The resistance between T1's Drain and Source depends on VDS and VGS. To keep VDS as small as possible, R1 and R3 will first devide the input voltage by 100. The voltage between Gate and Source is controlled by U2.

U2 amplifies U1A's output signal. To prevent a too strong low-frequency response, the signal is filtered by an HPF consisting of C2 and R7. U2's gain is determined by P1. D1 makes sure that only negative half cyles make it to the Gate, since the JFET can only pinched off by a negative Gate voltage. The negative half cycles are smoothed by C1. Please note that 'the positive' of C1 is connected to ground, because the voltage across it will always be negative!
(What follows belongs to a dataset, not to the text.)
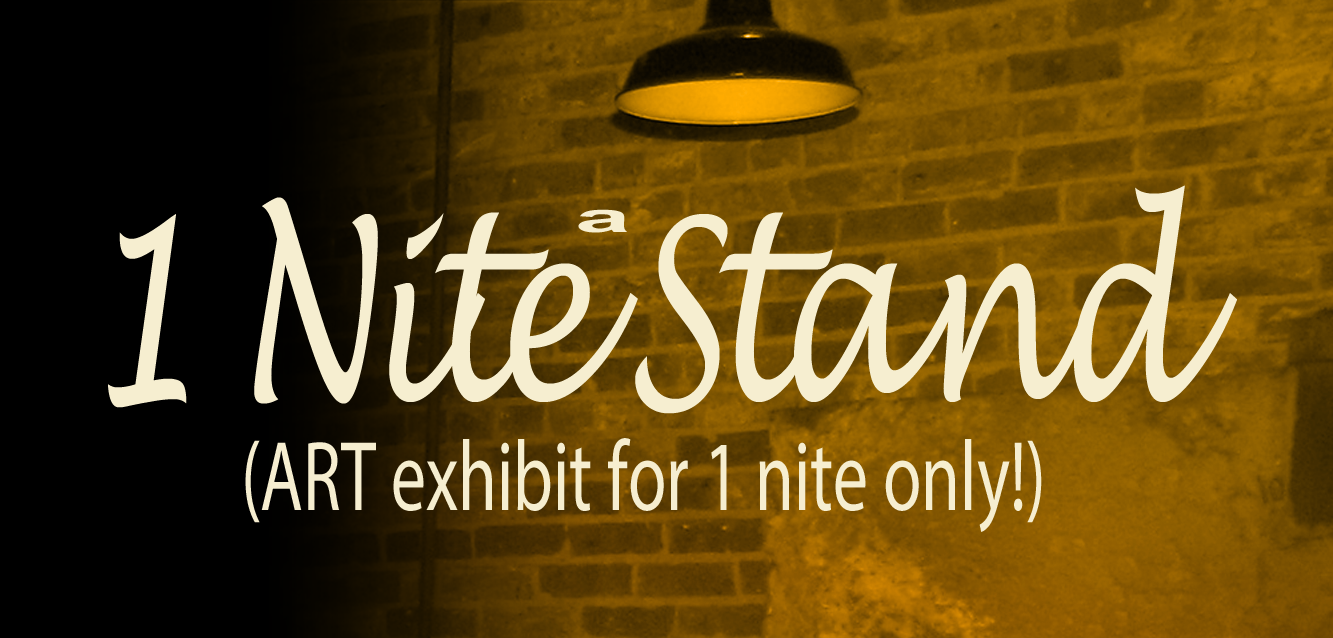 one nite stand exhibit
A small input voltage will result in a small output voltage at U1A and U2. At T1's Gate, there will thus be a small negative voltage. The DS resistance will therefore be low and U1A's gain will be high.

A larger input voltage will cause a more negative voltage at the Gate, resulting in a higher DS resistance, and a lower gain.

So U1A's gain is higher for small input voltages and smaller for large input voltages. And that is exactly what we want.

The minimum DS resistance of the chosen FET is about 150Ω. The maximum gain of U1A is therefore about 100. The maximum DS resistance is infinite, so the minumum gain is unity.

Assume that P1 has been set so that U2's gain is 10. Also assume that T1's pinch-off voltage is -1.5V. If the input voltage is 0V, U1A's gain will be 100, because the Gate voltage is also 0V.

If the input voltage is 200mVtop the output amplitude at U2 will initially be 200mV/100∙100∙10 = 2V. This voltage will charge C1. This will cause the Gate voltage to become more negative, increasing the DS resistance and decreasing the gain of U1A. The output voltage at U2 will therefore decrease as well. C1 will be charged less and less rapidly. Eventually the Gate voltage will give U1A a gain at which the output voltage at U2 equals the Gate voltage.

What will happen if the Gate voltage is almost equal to the pinch-off voltage and the input voltage is increased even more? The FET will never get pinched-off completely, because U1A's gain will then be unity and that will never be enough to maintain the Gate voltage at pinch-off voltage (unless the input voltage is increased to 15Vtop, but this circuit is not meant for that). So the output voltage at U2 will not increase. This means that the output voltage at U1A cannot increase either. At the certain input voltage (depending on the position of P1 and the pinch-off voltage of the FET) the amplitude of the output voltage remains the same! So this circuit can prevent overdriving the next stage.

The circuit around U1B provides some extra gain.